Aprofundando-se mais, o artigo 223-G, dispõe sobre os critérios que o juiz analisará, utilizando-se de sua discricionariedade, ao apreciar o pedido de reparação de dano extrapatrimonial, a fim de definir o grau da lesão sofrida, in verbis:
Art. 223-G. Ao apreciar o pedido, o juízo considerará:
I - a natureza do bem jurídico tutelado;
II - a intensidade do sofrimento ou da humilhação;
III - a possibilidade de superação física ou psicológica;
IV - os reflexos pessoais e sociais da ação ou da omissão;
V - a extensão e a duração dos efeitos da ofensa;
VI - as condições em que ocorreu a ofensa ou o prejuízo moral;
VII - o grau de dolo ou culpa;
VIII - a ocorrência de retratação espontânea;
IX - o esforço efetivo para minimizar a ofensa;
X - o perdão, tácito ou expresso;
XI - a situação social e econômica das partes envolvidas;
XII - o grau de publicidade da ofensa.
Cumulado com a primeira parte do Artigo 223-G, e definido o grau da lesão, para o arbitramento do dano extrapatrimonial a ser reparado, o juiz seguirá o determinado no parágrafo primeiro, do referido artigo, in verbis:
§ 1o Se julgar procedente o pedido, o juízo fixará a indenização a ser paga, a cada um dos ofendidos, em um dos seguintes parâmetros, vedada a acumulação:
I - ofensa de natureza leve, até três vezes o último salário contratual do ofendido;
II - ofensa de natureza média, até cinco vezes o último salário contratual do ofendido;
III - ofensa de natureza grave, até vinte vezes o último salário contratual do ofendido;
IV - ofensa de natureza gravíssima, até cinquenta vezes o último salário contratual do ofendido.

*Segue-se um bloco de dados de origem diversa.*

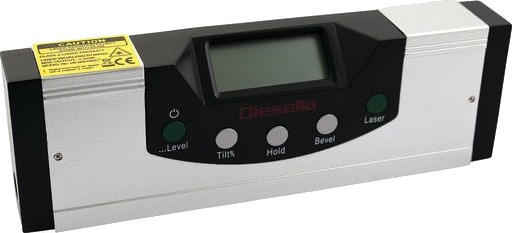 Digital Vaterpas 150 Mm/0,05° Med +-LaserOg Led Lys
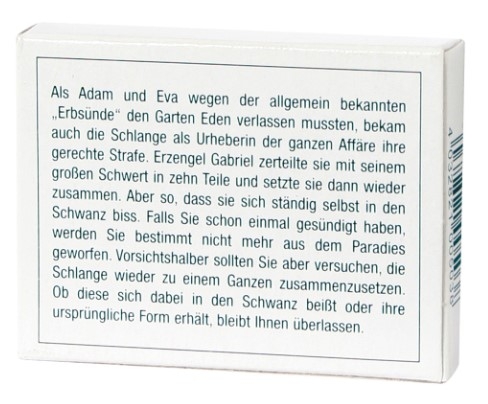 Mini-Holzpuzzle Das Schlangen-Puzzle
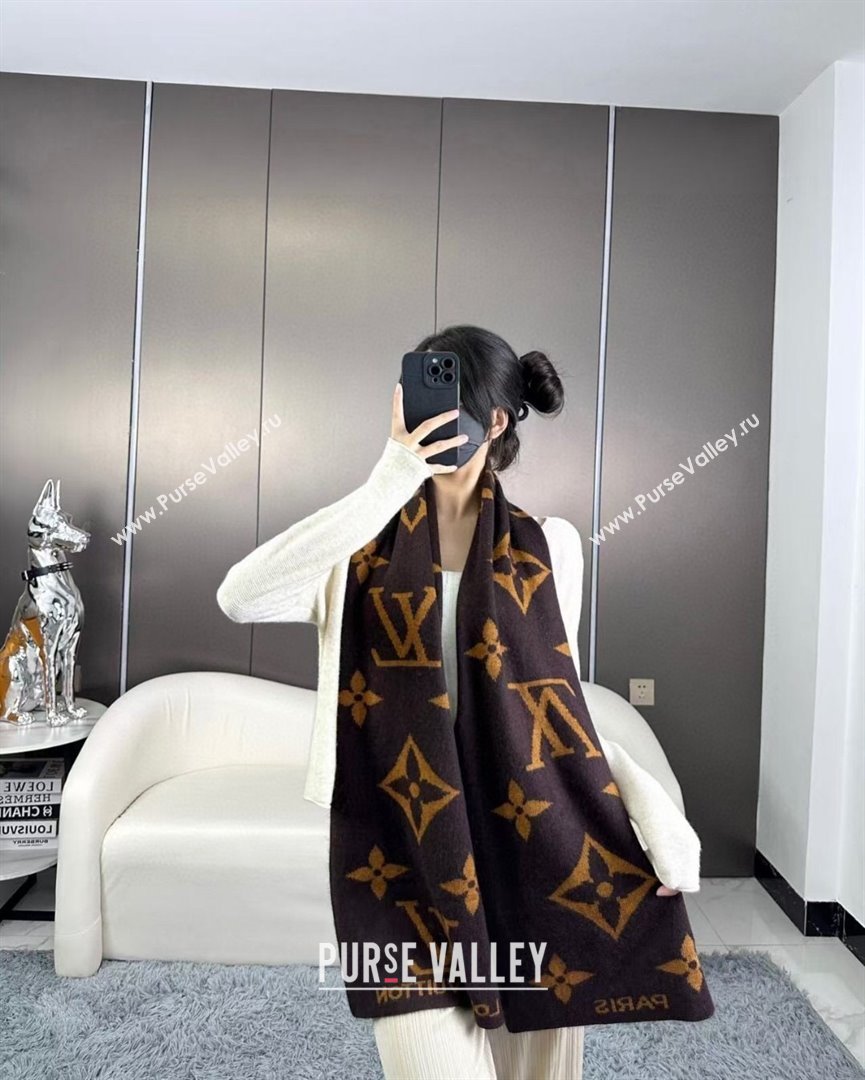 Louis Vuitton Cashmere Scarf LV112502 Brown 2024 (O-24112502)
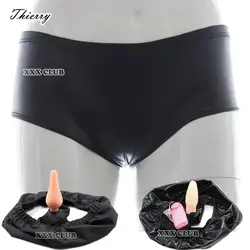 Thierry Unisex Masturbation Panties 9 Types Plug Dildo, Vaginal Anal Plug Penis Chastity Underwear, Sex Toy for Flirting Game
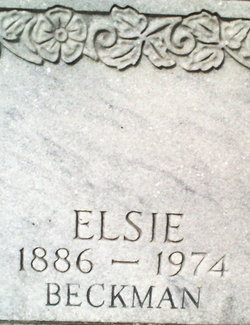 Elsie Emma <I>Beckman</I> Alt 
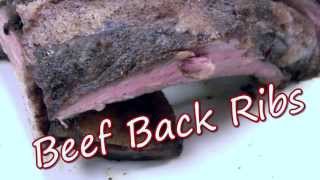 AmeriQue Cookshacks Beef Back Ribs [upl. by Assened194]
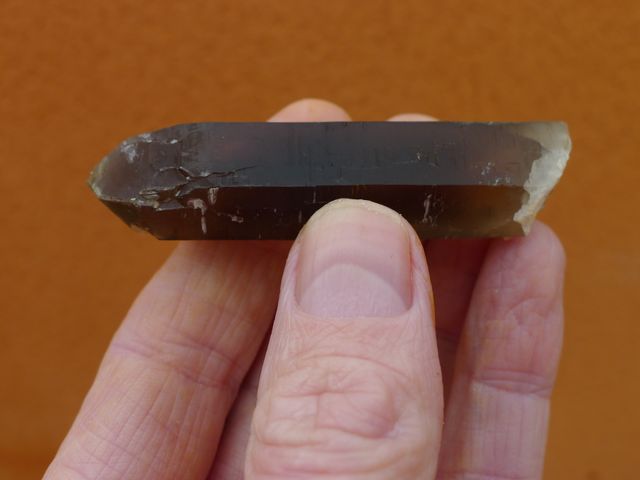 Quarzo fumé* Sils, Massabe, Spagna 7,2 x 1,8 cm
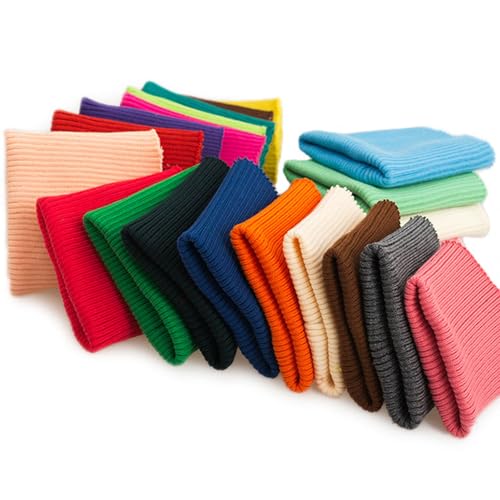 1 Pair Tubular Knit Stretchy Rib Cuffing Material Replacement for Sweatshirt Jacket Coat Sleeve Cuff Sewing DIY, Black by WaiYeeHei - Used condition - Image 2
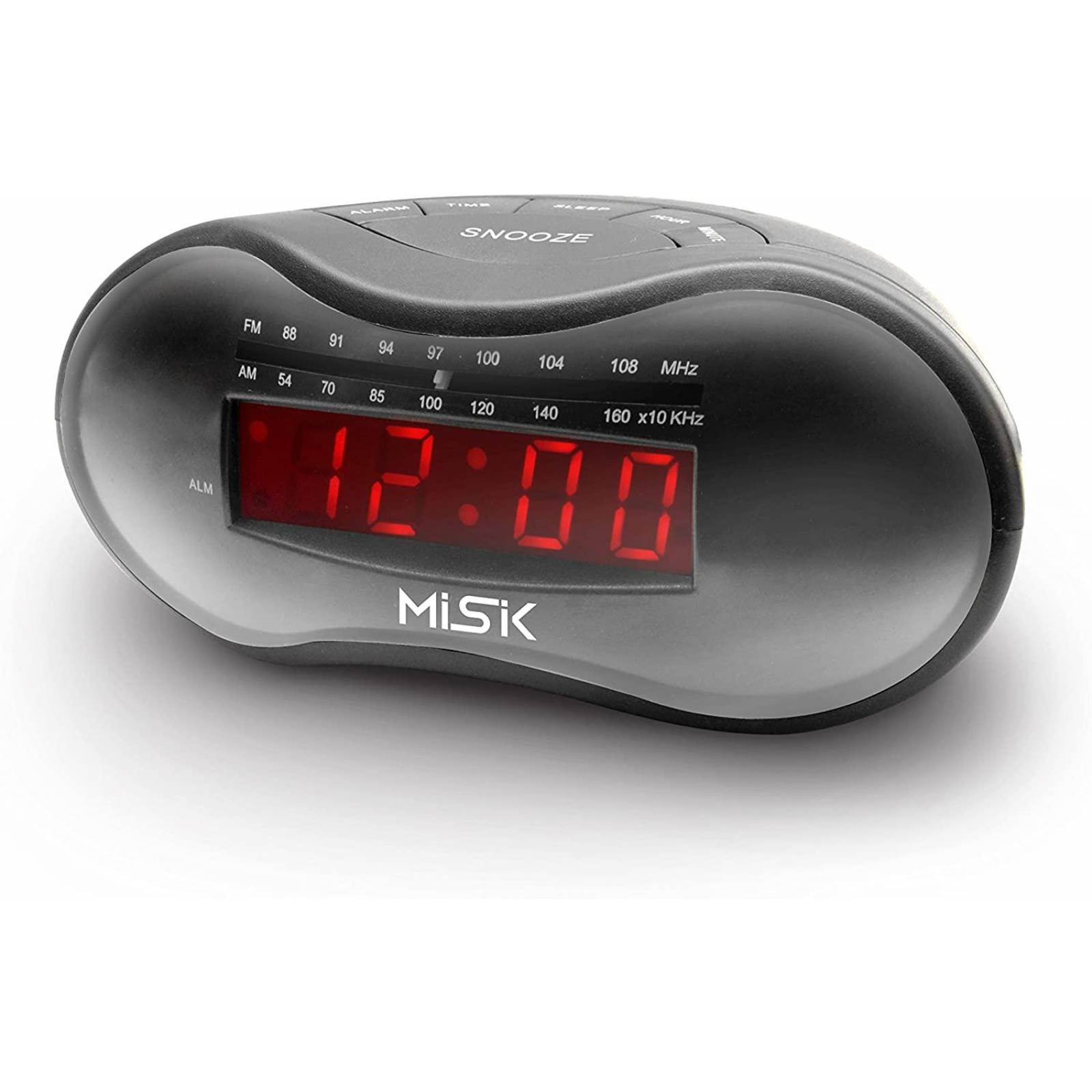 Radio Reloj Despertador Misik Mr411 Negro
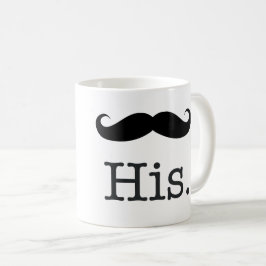 SEINS mit einem Mustachio Kaffeetasse
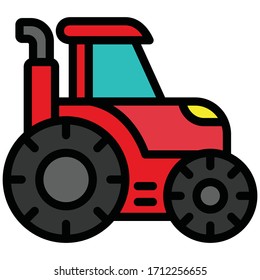 Vektorillustration der Zugmaschine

A esse parágrafo supracitado é que se deu o nome de “tarifação” ou “tabelamento” dos danos extrapatrimoniais, surgindo-se a grande dúvida sobre sua constitucionalidade ou inconstitucionalidade, uma vez que, seguindo o nele disposto, pessoas percebendo salários distintos, caso sofram o mesmo tipo de dano, não serão reparadas da mesma forma, já que o valor devido a título de reparação se mede, não só pela extensão do dano, mas também pela remuneração do ofendido.
Veja, se em um caso hipotético, a faxineira da empresa percebendo a época dos fatos um salário de R$1.500,00, e a secretária pertencente ao mesmo empregador, perceba o valor de R$3.000,00, sofrem do gerente, assédio moral nas mesmas condições, ao ingressarem na Justiça do Trabalho, ao final de seus processos, a reparação do dano sofrido será desigual, baseado no fato que a secretaria por receber salário mais elevado, será assim recompensada com indenização mais valorosa.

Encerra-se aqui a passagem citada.